• Work task: In the records below, take the line containing "Belüftetes Firstblech - Lubratec®" and every line following it, and write them out exactly.

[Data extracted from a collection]
-----

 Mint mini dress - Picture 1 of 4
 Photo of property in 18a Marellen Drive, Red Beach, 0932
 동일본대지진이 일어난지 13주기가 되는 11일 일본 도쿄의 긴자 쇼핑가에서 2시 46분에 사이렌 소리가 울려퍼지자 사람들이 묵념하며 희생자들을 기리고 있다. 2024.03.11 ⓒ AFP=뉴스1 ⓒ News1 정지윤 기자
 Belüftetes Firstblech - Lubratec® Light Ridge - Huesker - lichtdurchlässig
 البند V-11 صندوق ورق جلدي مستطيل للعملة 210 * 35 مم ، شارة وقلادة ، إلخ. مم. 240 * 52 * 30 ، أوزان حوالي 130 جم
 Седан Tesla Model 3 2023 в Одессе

-----

• Completed exercise:
 Belüftetes Firstblech - Lubratec® Light Ridge - Huesker - lichtdurchlässig
 البند V-11 صندوق ورق جلدي مستطيل للعملة 210 * 35 مم ، شارة وقلادة ، إلخ. مم. 240 * 52 * 30 ، أوزان حوالي 130 جم
 Седан Tesla Model 3 2023 в Одессе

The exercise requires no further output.